Trois aspects des travaux de cette commission retiennent notre attention. Il y a d’abord ce rapport sectoriel sur la réinstallation dans l’Extrême-Arctique (Canada 1994a et b), publié avant même le rapport final de la Commission, où les « souvenirs inuits » occupent une importance considérable. L’histoire touche un groupe d’Inuits qui, en 1953, furent déplacés d’Inukjuak, au Nunavik, vers les régions les plus nordiques de l’archipel arctique, soit Grise Fjord et Resolute Bay, dans l’actuel Nunavut. Ce qui au départ ne devait constituer qu’un déplacement temporaire, pour une année ou deux, et se justifiait apparemment par des conditions de vie difficiles à Inukjuak, s’avéra devenir un séjour prolongé et quasi permanent dans un nouveau milieu tout à fait inhospitalier, auquel les Inuits déplacés ou encore mieux « exilés », ne parvinrent jamais à s’accoutumer. Ce déplacement eut l’effet de susciter, au cours des années 1980, une vive polémique : les Inuits soutenaient que le gouvernement canadien s’était servi d’eux pour assurer sa souveraineté dans l’archipel arctique et ils exigeaient donc compensation. Confrontée à ce dossier dès le début de ses travaux, la commission recueillit toute la documentation pertinente, y compris « l’histoire de la réinstallation racontée par les réinstallés » (ibid. : 17), tout en resituant ces souvenirs dans leur contexte culturel et historique. Des audiences de tous les intervenants dans le dossier, tout comme l’analyse de la documentation à l’appui, démontrèrent que l’administration gouvernementale n’avait pas suffisamment fourni d’informations aux Inuits pour justifier leur exil et sa prolongation indéfinie. Par conséquent, sur recommandation de la Commission, le gouvernement canadien dut se résoudre à verser une forte compensation monétaire aux exilés, dont plusieurs étaient au fil des années revenus vivre dans leur communauté d’origine.
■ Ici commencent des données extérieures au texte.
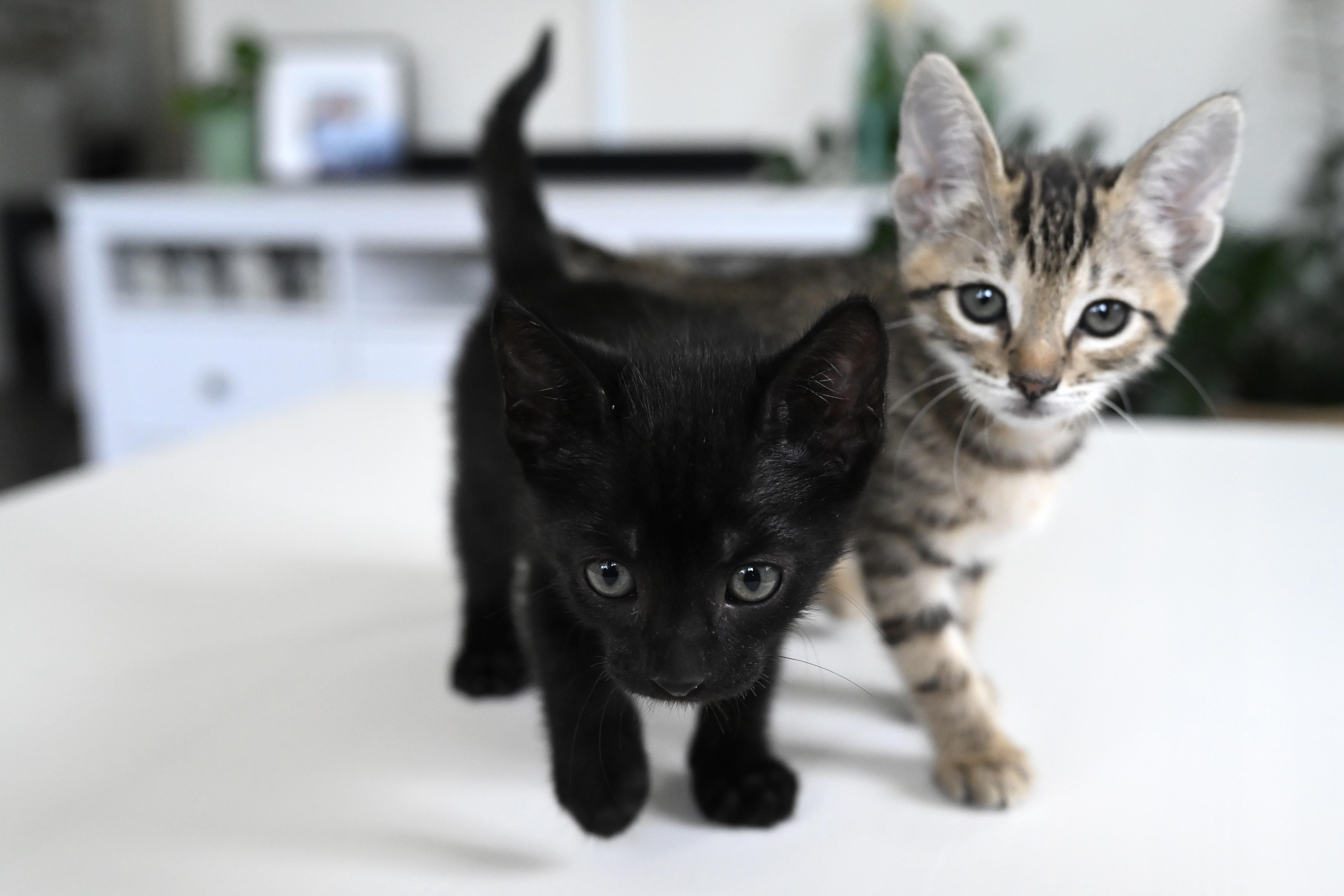 Pualani and Kekoa, a Adopted Domestic Short Hair in Mililani, HI image 1/3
Fait absolument notable, le rapport final de la Commission, qui est un document à large diffusion, traite aussi des différences fondamentales dans les perspectives des Autochtones et non-Autochtones au sujet de l’histoire (Canada 1996, Vol. 1 : 33-38). Bien qu’il s’agisse d’une généralisation à l’ensemble des Autochtones du Canada, elle vaut certes pour les Inuits et peut figurer en bonne place dans ce survol de l’histoire orale au Nunavut, bien qu’elle mérite de longues discussions. Quelles sont ces différences? Fondée sur une perspective cyclique, la tradition historique autochtone est une vision plus globale de l’humain dans l’ordre naturel de l’univers. Elle est une tradition orale transmise de génération en génération. Elle ne cherche pas la vérité objective, et elle implique directement le conteur de l’histoire et l’auditeur dans l’événement qui est relaté, chacun en retirant son propre sens. Sa mission est de renseigner l’auditeur, de communiquer certains aspects de la culture, de socialiser la population ou encore de valider l’autorité et le prestige. Fondée quant à elle sur une perspective linéaire, la tradition historique non autochtone a pour objet l’analyse d’événements particuliers, le rassemblement des faits pour soutenir une interprétation, la constitution d’un récit décrivant le mieux l’ensemble des événements à l’étude. Elle fait appel à une méthodologie scientifique occidentale, met l’accent sur les études savantes et les sources écrites, vise l’objectivité et présuppose le relativisme. Elle fait de l’être humain le pivot de l’histoire et du progrès ou de l’évolution de la société, la marche du temps[8].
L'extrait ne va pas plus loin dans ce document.